◆ **Exercise aim**
Using the listing below, set down each line from the line containing "Kawaye Head Strap" through the line containing "STAUD CARGO CASHMERE", both ends included, exactly and with nothing added.

Content starts

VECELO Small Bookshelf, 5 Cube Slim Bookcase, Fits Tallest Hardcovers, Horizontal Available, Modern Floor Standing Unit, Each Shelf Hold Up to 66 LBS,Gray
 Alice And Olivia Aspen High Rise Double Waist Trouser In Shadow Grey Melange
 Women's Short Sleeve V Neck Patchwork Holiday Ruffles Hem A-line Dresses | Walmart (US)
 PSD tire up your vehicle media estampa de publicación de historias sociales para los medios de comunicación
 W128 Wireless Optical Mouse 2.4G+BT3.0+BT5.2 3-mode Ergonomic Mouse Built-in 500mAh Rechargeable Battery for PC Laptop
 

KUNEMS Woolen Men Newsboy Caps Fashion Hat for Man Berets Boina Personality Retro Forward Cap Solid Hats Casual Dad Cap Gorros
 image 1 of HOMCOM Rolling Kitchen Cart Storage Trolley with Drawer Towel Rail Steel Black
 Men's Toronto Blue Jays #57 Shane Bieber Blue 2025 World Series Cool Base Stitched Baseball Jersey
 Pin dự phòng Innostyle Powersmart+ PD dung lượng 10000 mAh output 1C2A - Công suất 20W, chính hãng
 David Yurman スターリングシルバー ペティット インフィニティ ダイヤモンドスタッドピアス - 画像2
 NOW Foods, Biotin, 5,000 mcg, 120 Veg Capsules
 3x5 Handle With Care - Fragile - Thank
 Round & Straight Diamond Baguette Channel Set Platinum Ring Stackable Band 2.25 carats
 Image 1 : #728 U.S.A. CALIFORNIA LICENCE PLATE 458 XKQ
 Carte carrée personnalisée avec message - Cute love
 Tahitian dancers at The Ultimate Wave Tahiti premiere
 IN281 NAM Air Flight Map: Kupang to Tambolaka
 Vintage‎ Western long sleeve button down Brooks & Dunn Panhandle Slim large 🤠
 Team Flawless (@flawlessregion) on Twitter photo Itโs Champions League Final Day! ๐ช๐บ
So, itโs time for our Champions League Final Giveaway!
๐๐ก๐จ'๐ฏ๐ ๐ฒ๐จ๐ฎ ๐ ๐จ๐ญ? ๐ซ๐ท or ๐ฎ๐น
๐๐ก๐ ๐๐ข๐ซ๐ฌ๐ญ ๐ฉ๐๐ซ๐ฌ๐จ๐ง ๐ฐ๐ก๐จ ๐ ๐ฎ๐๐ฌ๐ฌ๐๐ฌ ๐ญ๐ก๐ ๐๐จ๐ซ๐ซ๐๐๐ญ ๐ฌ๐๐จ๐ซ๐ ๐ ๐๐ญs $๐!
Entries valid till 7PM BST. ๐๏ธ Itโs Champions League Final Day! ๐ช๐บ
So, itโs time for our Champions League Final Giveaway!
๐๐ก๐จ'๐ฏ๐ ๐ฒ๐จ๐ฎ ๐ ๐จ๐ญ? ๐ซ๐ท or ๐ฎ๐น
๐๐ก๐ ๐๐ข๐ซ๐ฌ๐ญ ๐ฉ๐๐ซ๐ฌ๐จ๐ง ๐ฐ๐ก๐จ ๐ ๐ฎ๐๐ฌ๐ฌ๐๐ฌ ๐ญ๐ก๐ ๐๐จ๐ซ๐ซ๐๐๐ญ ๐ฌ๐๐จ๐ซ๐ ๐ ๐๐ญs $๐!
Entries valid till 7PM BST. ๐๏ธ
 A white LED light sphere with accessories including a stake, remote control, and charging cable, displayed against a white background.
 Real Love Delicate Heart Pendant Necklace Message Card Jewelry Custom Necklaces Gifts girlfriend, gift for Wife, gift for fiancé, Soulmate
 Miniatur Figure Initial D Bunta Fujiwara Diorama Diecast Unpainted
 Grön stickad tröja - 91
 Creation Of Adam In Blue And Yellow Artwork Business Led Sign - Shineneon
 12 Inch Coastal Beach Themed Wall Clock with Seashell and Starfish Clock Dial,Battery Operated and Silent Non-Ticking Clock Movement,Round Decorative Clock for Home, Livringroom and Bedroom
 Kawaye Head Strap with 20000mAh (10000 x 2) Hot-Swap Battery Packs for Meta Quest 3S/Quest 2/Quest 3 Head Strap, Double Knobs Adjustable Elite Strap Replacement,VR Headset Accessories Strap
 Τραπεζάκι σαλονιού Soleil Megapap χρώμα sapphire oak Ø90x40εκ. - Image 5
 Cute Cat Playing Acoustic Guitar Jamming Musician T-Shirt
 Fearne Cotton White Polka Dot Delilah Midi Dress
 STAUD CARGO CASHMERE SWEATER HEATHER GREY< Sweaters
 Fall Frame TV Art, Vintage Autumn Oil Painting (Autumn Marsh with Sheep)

Content ends

◆ **The answer**
 Kawaye Head Strap with 20000mAh (10000 x 2) Hot-Swap Battery Packs for Meta Quest 3S/Quest 2/Quest 3 Head Strap, Double Knobs Adjustable Elite Strap Replacement,VR Headset Accessories Strap
 Τραπεζάκι σαλονιού Soleil Megapap χρώμα sapphire oak Ø90x40εκ. - Image 5
 Cute Cat Playing Acoustic Guitar Jamming Musician T-Shirt
 Fearne Cotton White Polka Dot Delilah Midi Dress
 STAUD CARGO CASHMERE SWEATER HEATHER GREY< Sweaters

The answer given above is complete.